Awesome

Towards Total Recall in Industrial Anomaly Detection

This repository contains the implementation for PatchCore as proposed in Roth et al. (2021), https://arxiv.org/abs/2106.08265.

It also provides various pretrained models that can achieve up to 99.6% image-level anomaly detection AUROC, 98.4% pixel-level anomaly localization AUROC and >95% PRO score (although the later metric is not included for license reasons).

defect_segmentation

For questions & feedback, please reach out to karsten.rh1@gmail.com!

Quick Guide

First, clone this repository and set the PYTHONPATH environment variable with env PYTHONPATH=src python bin/run_patchcore.py. To train PatchCore on MVTec AD (as described below), run

datapath=/path_to_mvtec_folder/mvtec datasets=('bottle' 'cable' 'capsule' 'carpet' 'grid' 'hazelnut'
'leather' 'metal_nut' 'pill' 'screw' 'tile' 'toothbrush' 'transistor' 'wood' 'zipper')
dataset_flags=($(for dataset in "${datasets[@]}"; do echo '-d '$dataset; done))


python bin/run_patchcore.py --gpu 0 --seed 0 --save_patchcore_model \
--log_group IM224_WR50_L2-3_P01_D1024-1024_PS-3_AN-1_S0 --log_online --log_project MVTecAD_Results results \
patch_core -b wideresnet50 -le layer2 -le layer3 --faiss_on_gpu \
--pretrain_embed_dimension 1024  --target_embed_dimension 1024 --anomaly_scorer_num_nn 1 --patchsize 3 \
sampler -p 0.1 approx_greedy_coreset dataset --resize 256 --imagesize 224 "${dataset_flags[@]}" mvtec $datapath

which runs PatchCore on MVTec images of sizes 224x224 using a WideResNet50-backbone pretrained on ImageNet.
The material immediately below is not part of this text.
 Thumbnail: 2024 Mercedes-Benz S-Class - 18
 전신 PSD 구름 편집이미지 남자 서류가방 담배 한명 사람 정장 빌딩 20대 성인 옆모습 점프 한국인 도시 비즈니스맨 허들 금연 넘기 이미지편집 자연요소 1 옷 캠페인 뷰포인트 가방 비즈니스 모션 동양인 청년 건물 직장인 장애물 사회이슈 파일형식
For other sample runs with different backbones, larger images or ensembles, see sample_training.sh.

Given a pretrained PatchCore model (or models for all MVTec AD subdatasets), these can be evaluated using

datapath=/path_to_mvtec_folder/mvtec
loadpath=/path_to_pretrained_patchcores_models
modelfolder=IM224_WR50_L2-3_P001_D1024-1024_PS-3_AN-1_S0
savefolder=evaluated_results'/'$modelfolder

datasets=('bottle'  'cable'  'capsule'  'carpet'  'grid'  'hazelnut' 'leather'  'metal_nut'  'pill' 'screw' 'tile' 'toothbrush' 'transistor' 'wood' 'zipper')
dataset_flags=($(for dataset in "${datasets[@]}"; do echo '-d '$dataset; done))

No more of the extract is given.